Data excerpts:
-*-*-

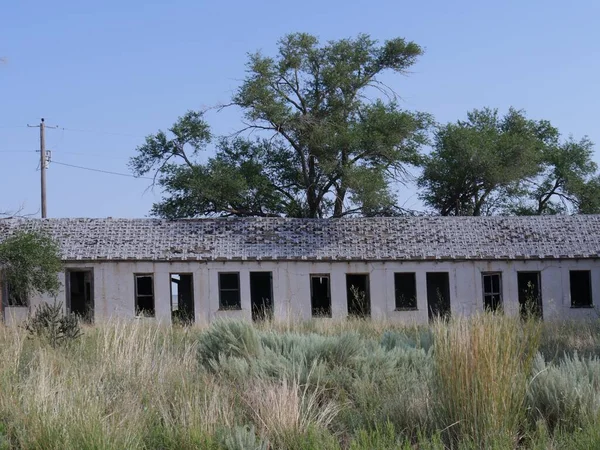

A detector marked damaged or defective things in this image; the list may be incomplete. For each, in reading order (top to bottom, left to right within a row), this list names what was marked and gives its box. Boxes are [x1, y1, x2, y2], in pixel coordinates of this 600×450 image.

broken window [135, 274, 155, 316]
broken window [170, 274, 193, 324]
broken window [218, 270, 241, 310]
broken window [312, 274, 330, 316]
broken window [394, 272, 418, 312]
broken window [482, 272, 502, 312]
broken window [568, 268, 592, 308]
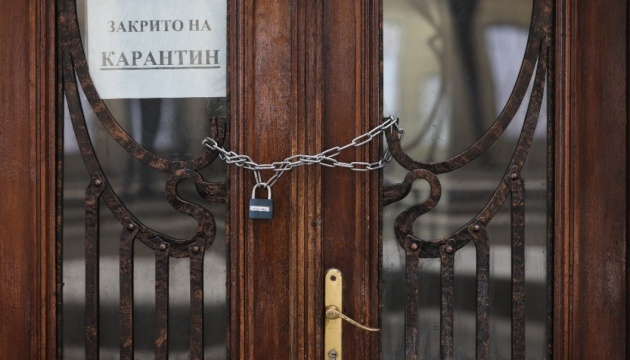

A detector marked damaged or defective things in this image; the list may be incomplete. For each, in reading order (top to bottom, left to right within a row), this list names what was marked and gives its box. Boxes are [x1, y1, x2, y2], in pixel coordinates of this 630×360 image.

rusty metal surface [59, 0, 230, 356]
rusty metal surface [386, 0, 552, 358]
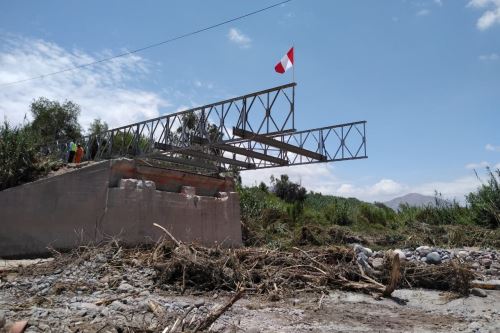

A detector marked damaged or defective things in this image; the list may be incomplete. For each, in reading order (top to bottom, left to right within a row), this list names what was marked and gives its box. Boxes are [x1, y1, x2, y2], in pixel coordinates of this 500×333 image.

cracked concrete wall [0, 160, 242, 258]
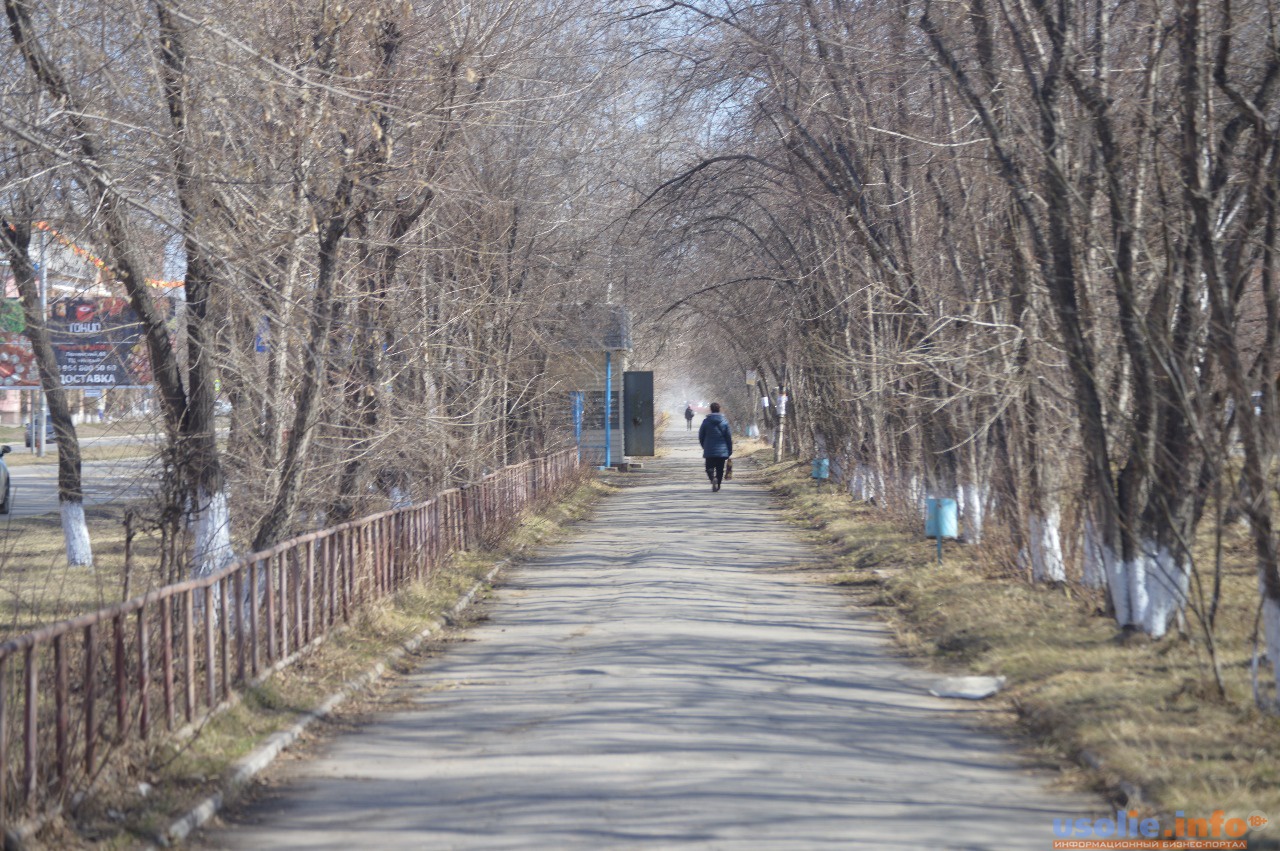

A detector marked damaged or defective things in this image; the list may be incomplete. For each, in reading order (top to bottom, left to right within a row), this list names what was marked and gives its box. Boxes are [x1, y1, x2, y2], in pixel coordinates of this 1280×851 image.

rusty metal fence [0, 450, 580, 828]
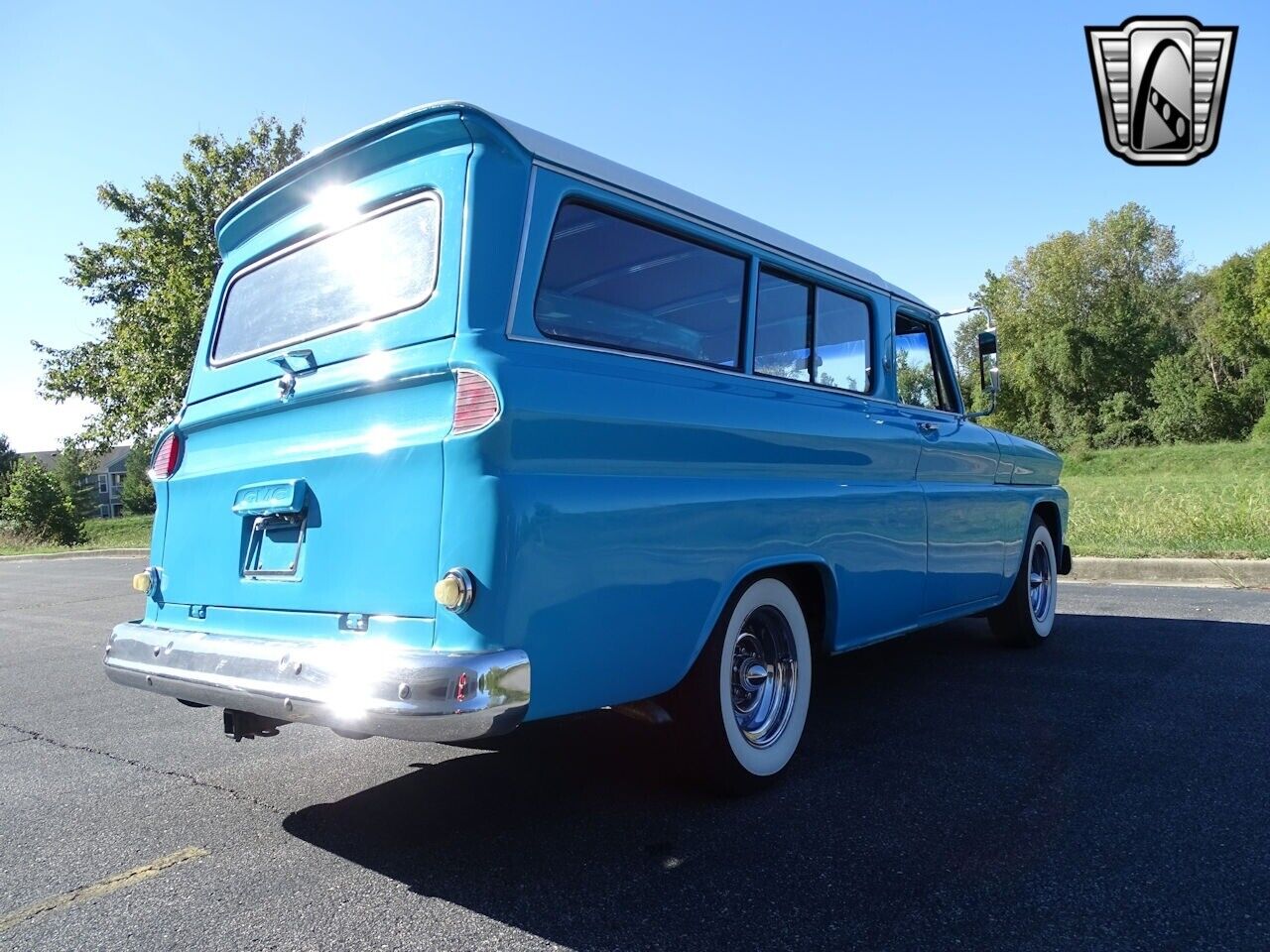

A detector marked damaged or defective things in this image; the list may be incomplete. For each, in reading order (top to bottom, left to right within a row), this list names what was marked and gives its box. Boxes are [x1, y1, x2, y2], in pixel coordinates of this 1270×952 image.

crack in asphalt [0, 726, 283, 817]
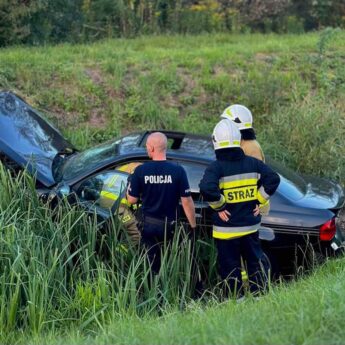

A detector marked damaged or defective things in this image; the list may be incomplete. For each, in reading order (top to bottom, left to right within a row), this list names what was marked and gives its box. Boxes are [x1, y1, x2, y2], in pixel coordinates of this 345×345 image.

crashed black bmw [0, 91, 342, 274]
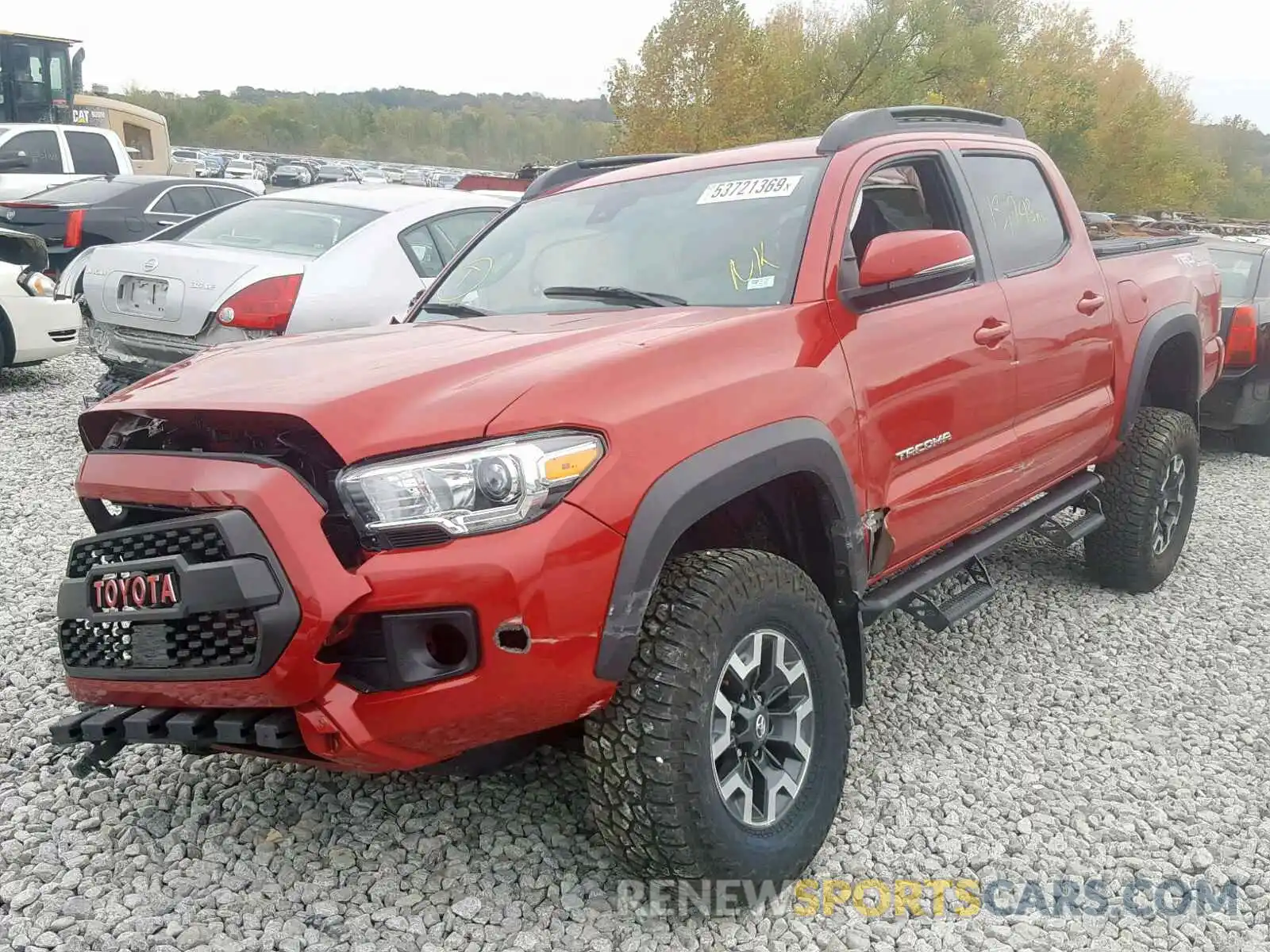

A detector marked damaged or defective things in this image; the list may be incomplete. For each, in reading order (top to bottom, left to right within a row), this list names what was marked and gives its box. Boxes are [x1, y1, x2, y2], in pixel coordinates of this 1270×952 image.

crumpled hood [87, 309, 726, 462]
missing fog light opening [492, 622, 528, 654]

-*-*-

Exactly reproduce the entries above, minus the pictures.

Your response:
A detector marked damaged or defective things in this image; the list may be incomplete. For each, in reading order (top to bottom, left to right within a row), this list names what was marked and gives its box. Boxes are [x1, y1, x2, y2], in pixel coordinates of this 600×450 image.

broken window [135, 274, 155, 316]
broken window [170, 274, 193, 324]
broken window [218, 270, 241, 310]
broken window [312, 274, 330, 316]
broken window [394, 272, 418, 312]
broken window [482, 272, 502, 312]
broken window [568, 268, 592, 308]

A detector marked damaged or defective things in this image; the list may be incomplete. For each, in reading order (top to bottom, left to right within a row), this list names what was marked and gives its box. Boxes are [x1, y1, x2, y2], in pixel coordinates of this 630×360 image.

rusty metal surface [59, 0, 230, 356]
rusty metal surface [386, 0, 552, 358]

A detector marked damaged or defective things in this image; the list may be incomplete. For each, in reading order (top to bottom, left to right within a row), this list names what was marked and gives its box. Boxes are [x1, y1, x2, y2], in pixel coordinates of this 500×333 image.

cracked concrete wall [0, 160, 242, 258]

A detector marked damaged or defective things in this image; the list may be incomplete. For each, in reading order (top to bottom, left to right within a row), this list names what was marked and gives its box. Boxes are [x1, y1, x2, y2], in pixel coordinates of this 1280×851 image.

rusty metal fence [0, 450, 580, 828]

A detector marked damaged or defective things in this image; the list may be incomplete. For each, in reading order (top to bottom, left to right within a row), this list names what was marked and gives its box. Boxes are [x1, y1, x2, y2], in pixel coordinates of this 1270×952 image.

crack in asphalt [0, 726, 283, 817]

A detector marked damaged or defective things in this image; the list may be incomplete. For each, in reading order (top to bottom, left to right within a row), this list names what was marked and gives its box. Boxes are [x1, y1, x2, y2], in pixel coordinates of this 345×345 image.

crashed black bmw [0, 91, 342, 274]

A detector marked damaged or defective things in this image; the list may be incomplete. For each, in reading order (top to bottom, left to right within a row), this list names what was marked and gives its box. Boxes are [x1, y1, x2, y2], in pixel coordinates of this 1270×952 image.

crumpled hood [87, 309, 726, 462]
missing fog light opening [492, 622, 528, 654]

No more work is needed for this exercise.